The Council is shrouded in secrecy, these ‘peers’ so called are never named, nor who chooses them to be ‘peers’ or why. Who creates the list of this peerage?

People get shows through who they know, who they are friends with, who they schmooze with, what group or gallery they belong to. Tim Lee, is an excellent example of that. There is a historical basis for artists careers that have been created and maintained by funding from the Council.

I don’t worry about being blacklisted, this happened years ago, when I was fighting for the funding to keep our social / environmental / arts media group going and Tom Sherman changed the name of the section from Arts and Media to Media Arts. Wonder at the subtleties of that.

#17 Andrea on 04.10.08 at 2:21 pm

Is this about ambition? Isn’t Tim Lee just being ambitious? Of course these days success is partly about where you go and who you know. That’s a given. Isn’t it a romantic notion that an artist will be ‘discovered’ while painting quietly in his studio? With so many artists being churned out by art schools every year, don’t you have to schmooze if you want to get ahead?

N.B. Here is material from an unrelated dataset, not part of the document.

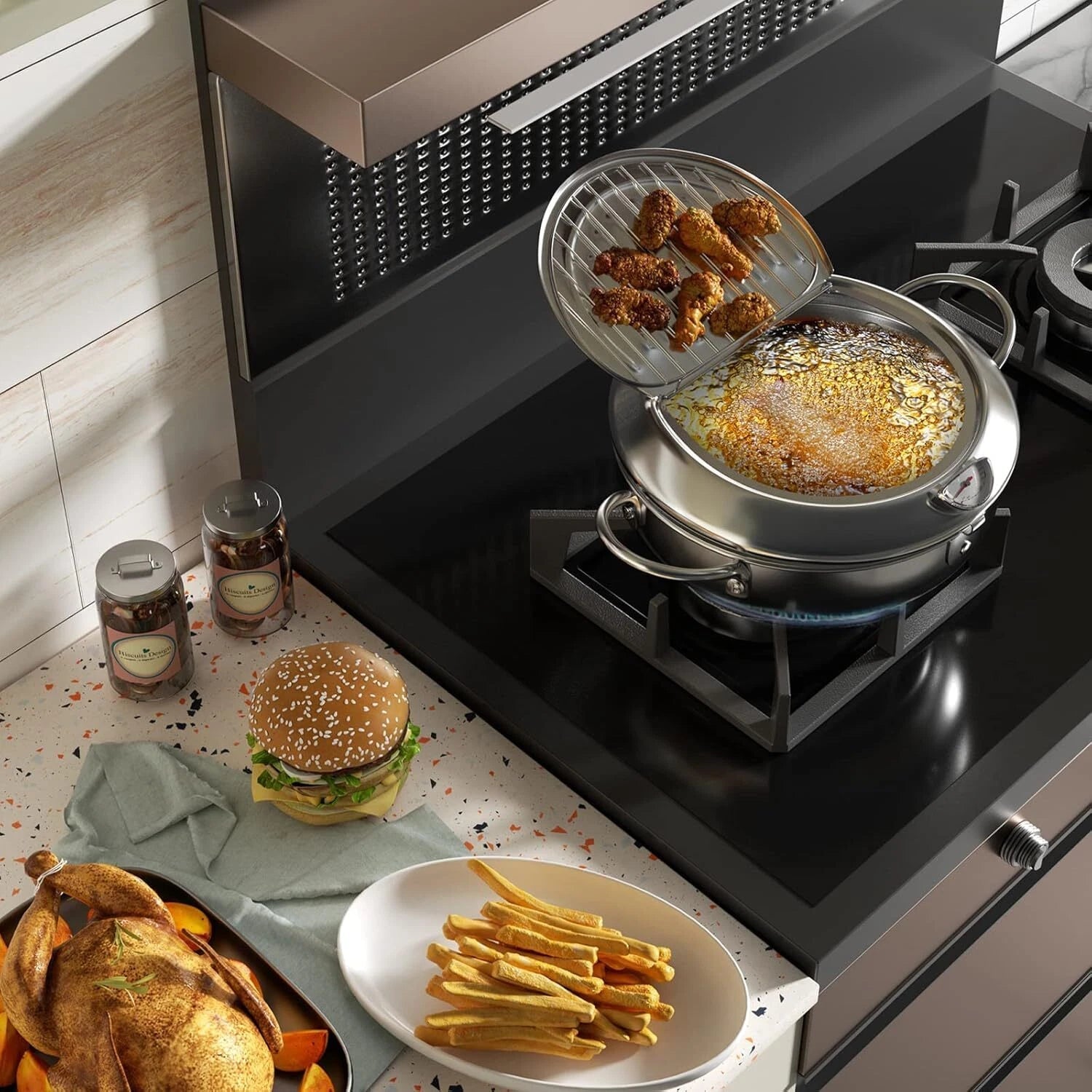 Deep Fryer, 11-inch/4.2 Liter Japanese Style Tempura Fryer, 304 Stainless Steel 07FC0E-D4 - KOEEK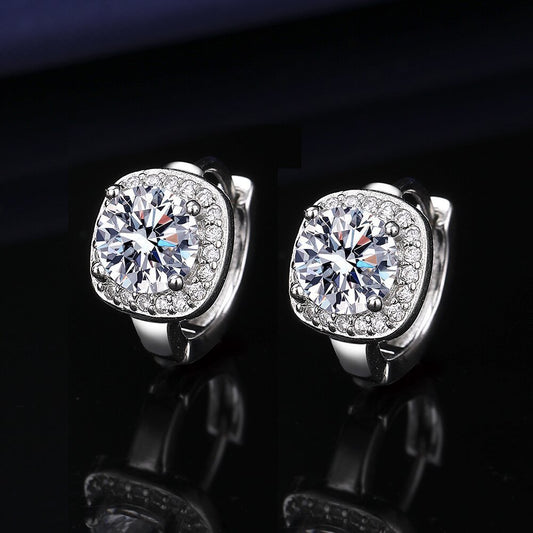 One Carat Imitation Moissanite Silver Earrings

#18 john on 06.17.08 at 9:36 pm

re. 911 and ‘punishing force of Vancouver art world ,Canadian Art article ‘:a self-absorbed and uninformative piece of writing gets defended because it vents some mean-spiritedness which apparently some share in a Your football team sucks sort of way.It should have appeared as a blog not in a national quarterly,where it has lowered the bar for more art critique based on grudges against where people live or their somehow having attracted critical interest -this 911 being the latest, in which “don’t get us going “functions as proof.